Louiz: Ich habe keinen eigenen Barbersalon, sondern arbeite zur Stuhlmiete. Ich habe mein Unternehmen zu Hause angemeldet und bin bei Johns Barbershop in Hamburg eingemietet. Bis vor Kurzem war das ein Barber&Son Showroom für Barbierstühle mit zwei Barbern, mittlerweile sind hier mehrere Kollegen eingemietet. Wir sind wie ein Team, obwohl wir unterschiedliche Unternehmen sind. Das Geschäft läuft gut, ich habe aufgestockt und einen zweiten Stuhl angemietet sowie einen Angestellten, den ich in Vollzeit zahle.

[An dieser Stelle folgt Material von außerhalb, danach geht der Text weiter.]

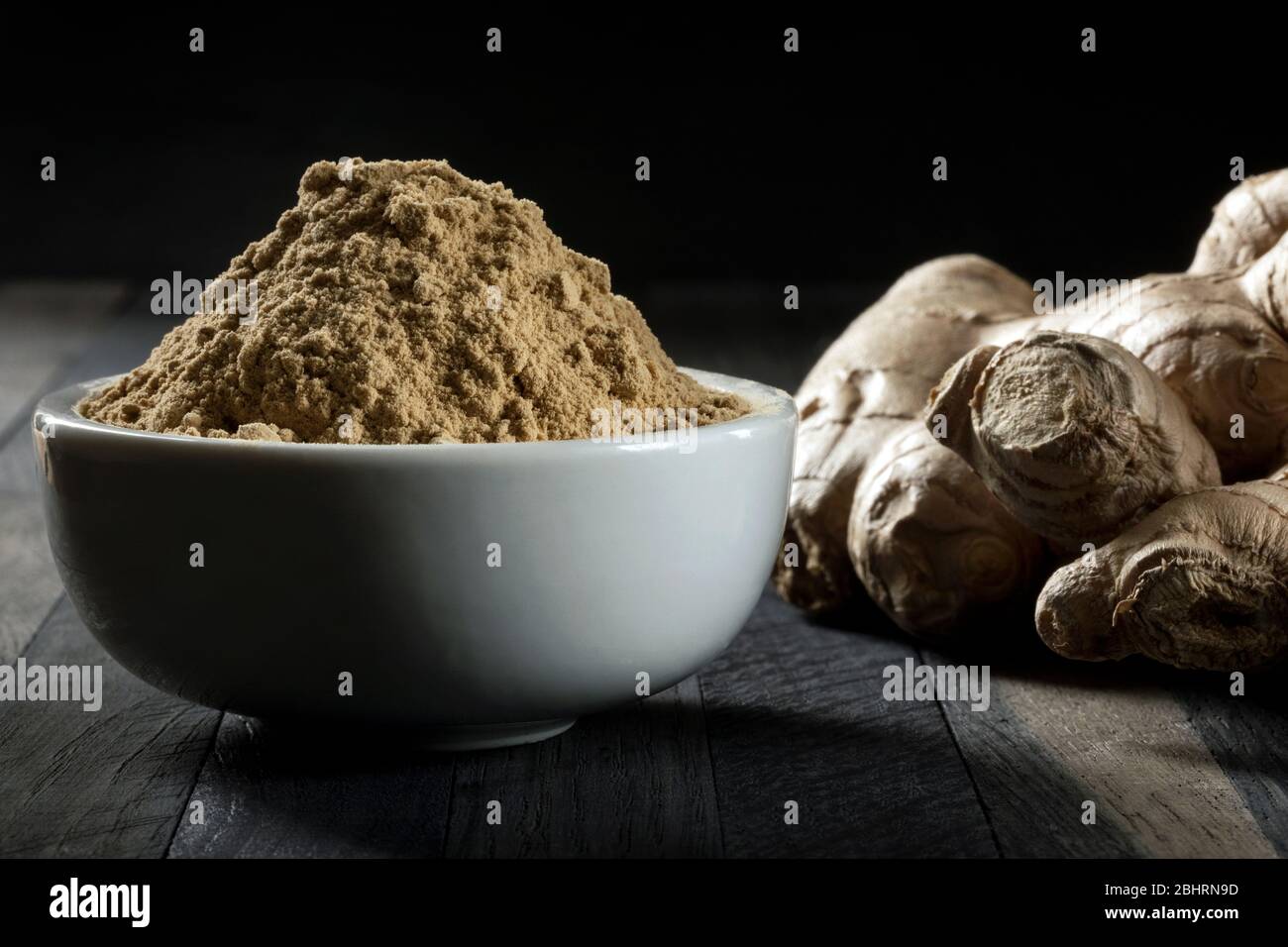 Ingwerwurzel in einer Schüssel auf einem Holztisch gemahlen. Stockfoto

Warum Stuhlmieter und nicht ein eigener Salon?
Louiz: Wegen der freien Zeiteinteilung und dass man selbst weniger zu organisieren hat. Ich bin nur auf mich und meine Kunden eingestellt. Wenn ich mir morgens freinehmen möchte, dann mache ich das. Theoretisch könnte ich drei Wochen im Monat freimachen, wenn sich das finanziell ausginge. Ich zahle einen fixen Preis, in dem alles inkludiert ist - Miete, Strom, Wasser, Produkte. Ich arbeite mit eigenem Buchungssystem, die Kunden buchen direkt bei mir. Das ist praktisch mein eigener Laden in einem anderen Laden, mit eigenem Logo und eigenem Schlüssel, sodass ich kommen und gehen kann, wann ich will.